- Exercise requirements
Find "A giant, chrome-plated" and "Recitar Los Noventa y Nueve Nombres de Allah" in the records below. Copy the lines holding them and every line between, exactly, and no others.

- Recorded information
....

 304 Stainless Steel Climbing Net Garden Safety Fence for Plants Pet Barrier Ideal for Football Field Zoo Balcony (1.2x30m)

....

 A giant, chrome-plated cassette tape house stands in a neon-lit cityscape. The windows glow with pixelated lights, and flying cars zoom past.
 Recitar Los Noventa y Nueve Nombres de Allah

....

- The completed task
 A giant, chrome-plated cassette tape house stands in a neon-lit cityscape. The windows glow with pixelated lights, and flying cars zoom past.
 Recitar Los Noventa y Nueve Nombres de Allah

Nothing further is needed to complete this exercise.